Dataset content Start Marker
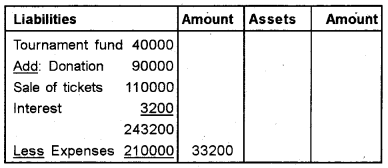 Plus Two Accountancy Previous Year Question Paper Say 2018, 6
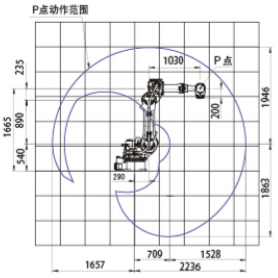 OTC焊机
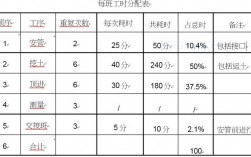 工时分摊计算公式？项目工时分配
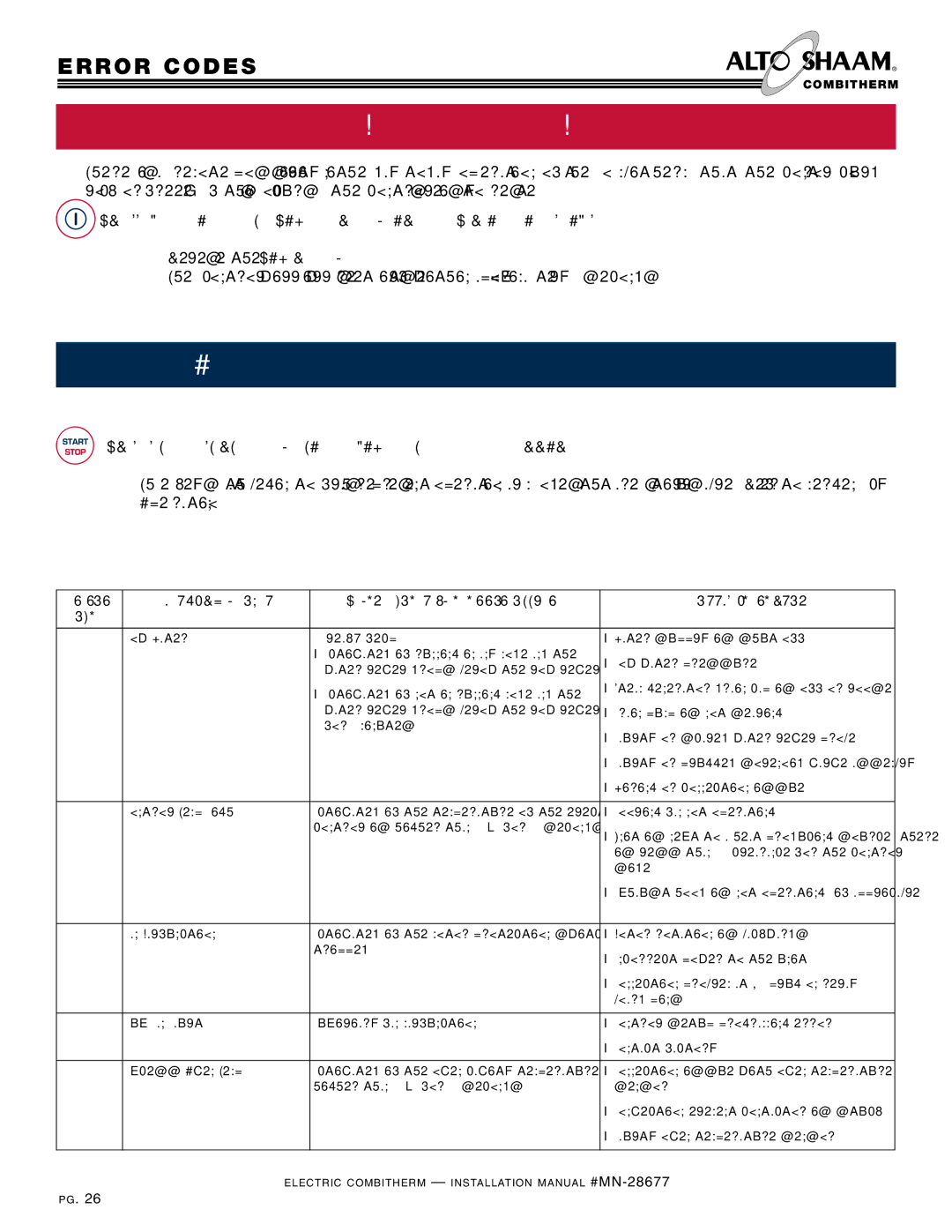 Alto-Shaam 7.14, VHes-10, VHes-5, 10.18, 10.10, 20.20 manual RO L Reset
Dataset content End Marker
Your objective:
Starting at the line that contains "工时分摊计算公式？项目工时分配", please write out each line through the last line of the data, both ends included, and keep pictures out of the copy.

Expected answer:
 工时分摊计算公式？项目工时分配
 Alto-Shaam 7.14, VHes-10, VHes-5, 10.18, 10.10, 20.20 manual RO L Reset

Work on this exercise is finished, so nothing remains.